In other words: good techs have options.
Use the templates below as a starting point. Adjust the pay, location, licensing requirements, on-call schedule, and benefits before posting. Ready to hire? Post your HVAC job on findHVACJobs.com and put it in front of technicians who are already looking for HVAC work.
A good HVAC job description is specific. It tells a technician what they will work on, where they will work, what they will earn, and what you expect from them.
A weak one sounds like this: "Looking for a motivated HVAC tech. Must be dependable. Competitive pay. Great company culture."
That does not tell a serious technician enough to apply. A stronger HVAC technician job description includes every component below.
Job title — Use a searchable title like "HVAC Service Technician" or "Commercial HVAC/R Technician." Skip creative branding.
Pay range — Include hourly or annual pay, plus bonuses, commission, or overtime. "Competitive pay" is not a number.
Location — Spell out the city, state, service area, and whether the role is shop-based or field-based.

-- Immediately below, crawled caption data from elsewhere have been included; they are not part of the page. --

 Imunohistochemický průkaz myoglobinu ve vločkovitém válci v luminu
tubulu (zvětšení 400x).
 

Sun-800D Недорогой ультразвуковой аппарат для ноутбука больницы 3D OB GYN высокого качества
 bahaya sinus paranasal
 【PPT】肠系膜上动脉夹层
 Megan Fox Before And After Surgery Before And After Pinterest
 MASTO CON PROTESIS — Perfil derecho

Schedule — Full-time, weekends, rotating on-call, emergency service, or seasonal overtime. Be honest about all of it.
Responsibilities — Specific systems, tools, diagnostics, installs, maintenance, and customer-facing work.
Requirements — EPA 608, driver's license, experience level, physical demands, and safety expectations. Cover state and local HVAC license requirements if they apply.

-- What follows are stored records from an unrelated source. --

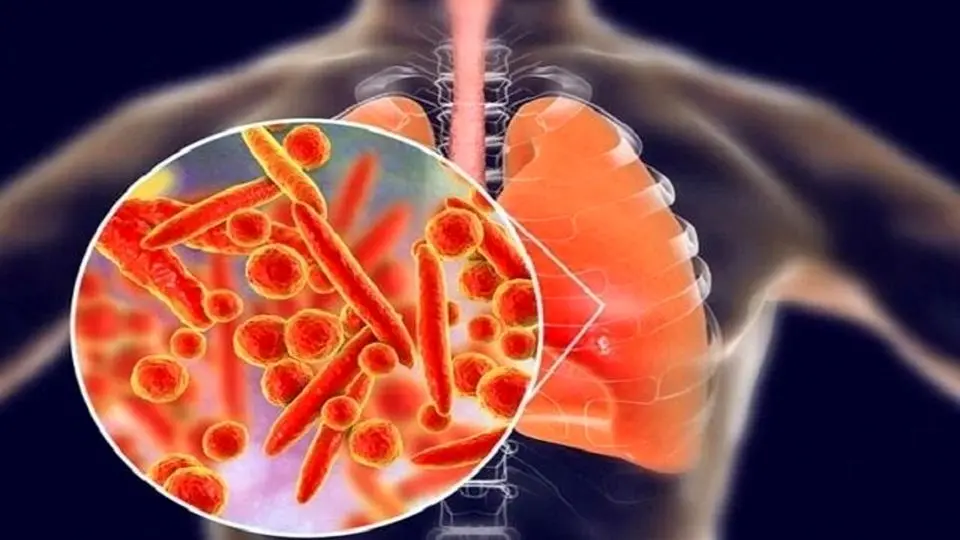 هشدار درباره بیماری انسدادی مزمن ریه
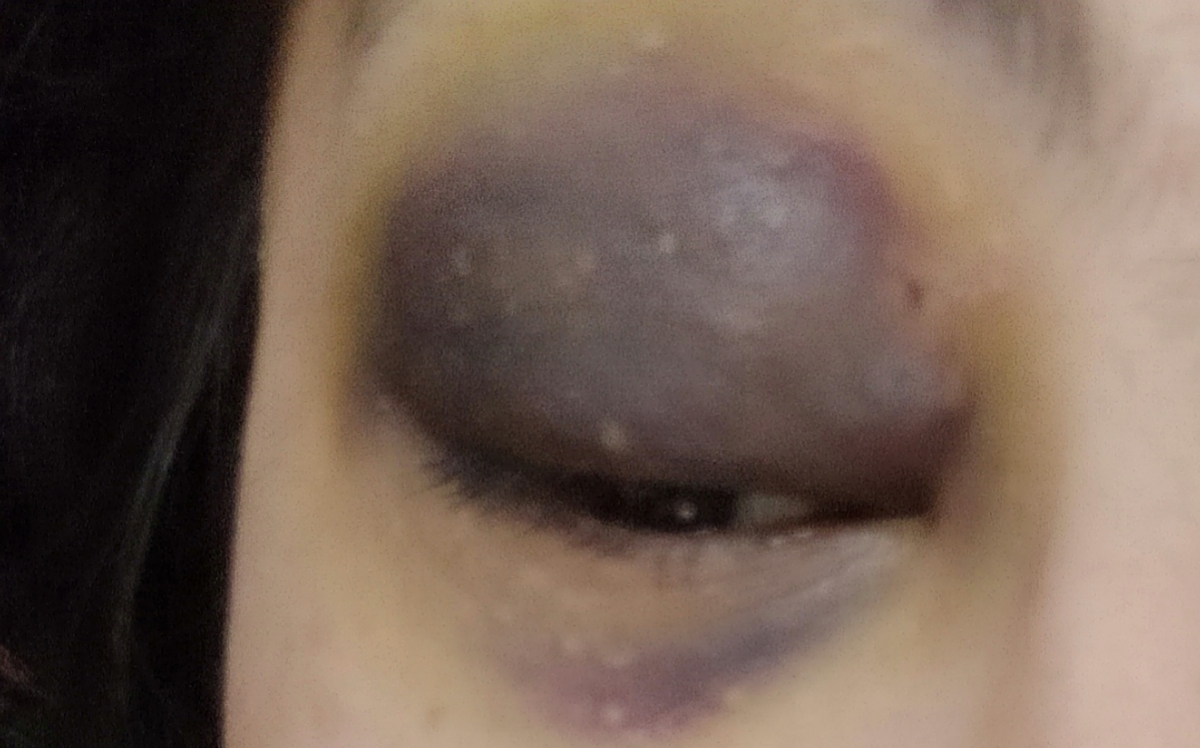 چکار کنم کبودی زیرچشمم زودتر خوب بشه(عکس) چکار کنم کبودی زیرچشمم زودتر خوب بشه(عکس)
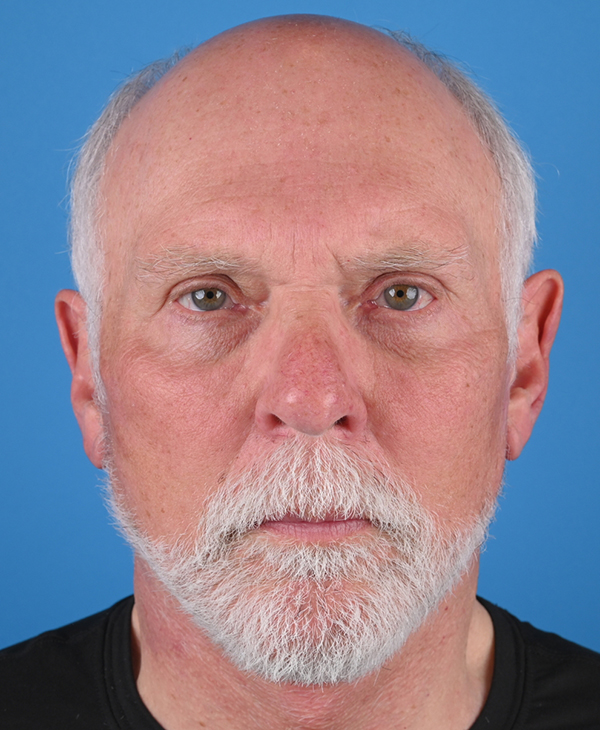 Male Facelift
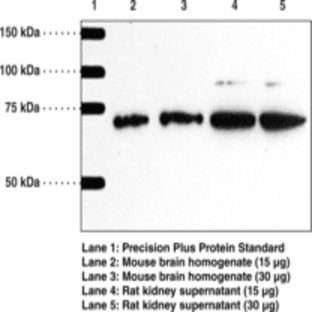 Serine Palmitoyltransferase Polyclonal Antibody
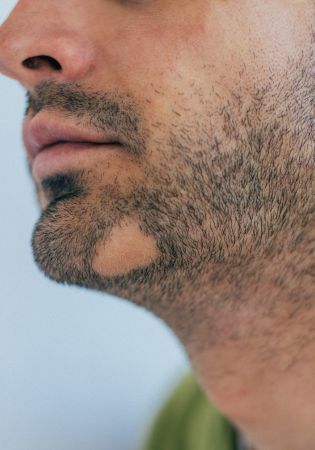 How Much Does a Beard Transplant Cost in Perth? Full Price Breakdown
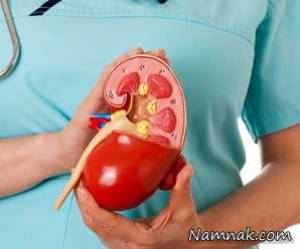 پیوند کلیه ، پیوند کلیه چیست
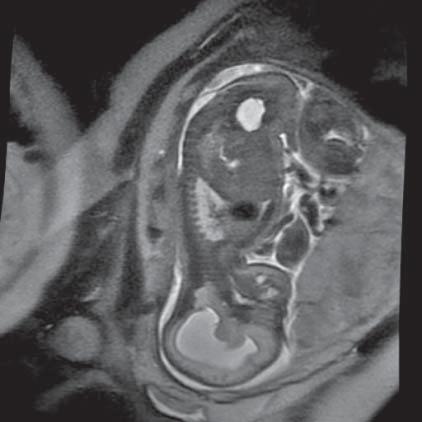 Arnold-Chiari Syndrome (MR of fetus, SST2 sequence, sagittal plane) Ryc. 9.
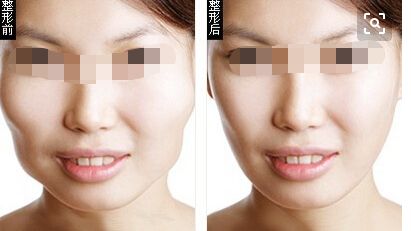 武漢雙下巴注射塑形醫(yī)院口碑排行前十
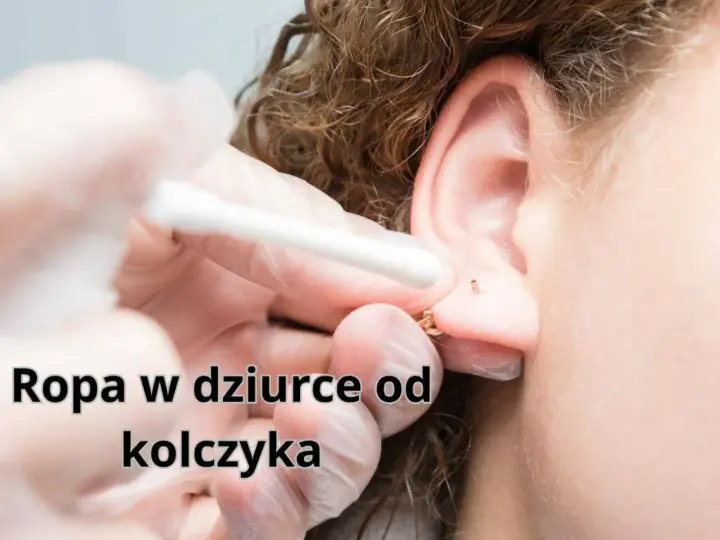 Ropa w dziurce od kolczyka. Wacik kosmetyczny usuwa wydzielinę z ucha po przekłuciu.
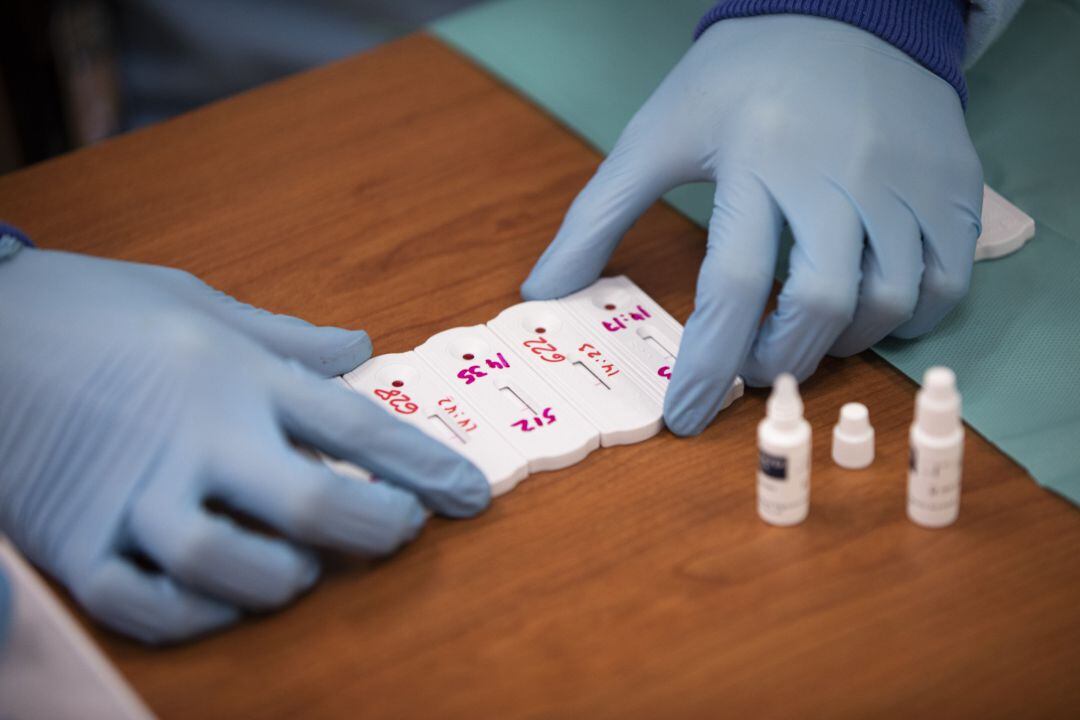 Test de cribado del Covid-19 en una imagen de archivo.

Benefits — Health insurance, 401(k), PTO, truck, tool allowance, training, uniforms, phone, or tablet. List the real ones.
Growth path — Apprentice to tech, tech to lead, lead to supervisor, service manager, or sales.
The goal is not to make the role sound perfect. The goal is to make it clear. Good technicians do not need another mystery job. They need to know whether the role fits their skills, schedule, and income goals.
The job title is one of the most important parts of the posting. It affects search visibility and candidate quality.
Avoid creative titles like Comfort Specialist, HVAC Ninja, Air Quality Warrior, or Service Rockstar. Those might feel fun internally, but technicians are not searching those terms. They are searching for clear job titles.
Use titles that match search intent and skill level.
General service role — HVAC Service Technician
Install-focused role — HVAC Installer
Experienced residential tech — Senior Residential HVAC Technician
Commercial service role — Commercial HVAC/R Technician
Refrigeration-focused role — Commercial Refrigeration Technician
Entry-level hire — HVAC Apprentice
Crew lead — Lead HVAC Installer
Controls role — HVAC Controls Technician
For local hiring, add the city or metro when possible: "HVAC Service Technician — Dallas, TX" or "HVAC Apprentice — Tampa, FL." This helps the posting match how technicians search and keeps the title direct.
Do not hide the pay.
A technician with five-plus years of experience, EPA 608 certification, a clean driving record, and strong diagnostic skills is not going to spend 20 minutes applying to a job that says "competitive pay." Put the range in the job description.
Examples:
Pay depends heavily on geography, experience, specialization, and license requirements. Before publishing, compare your range against your local market using your internal compensation data and the HVAC technician salary guide.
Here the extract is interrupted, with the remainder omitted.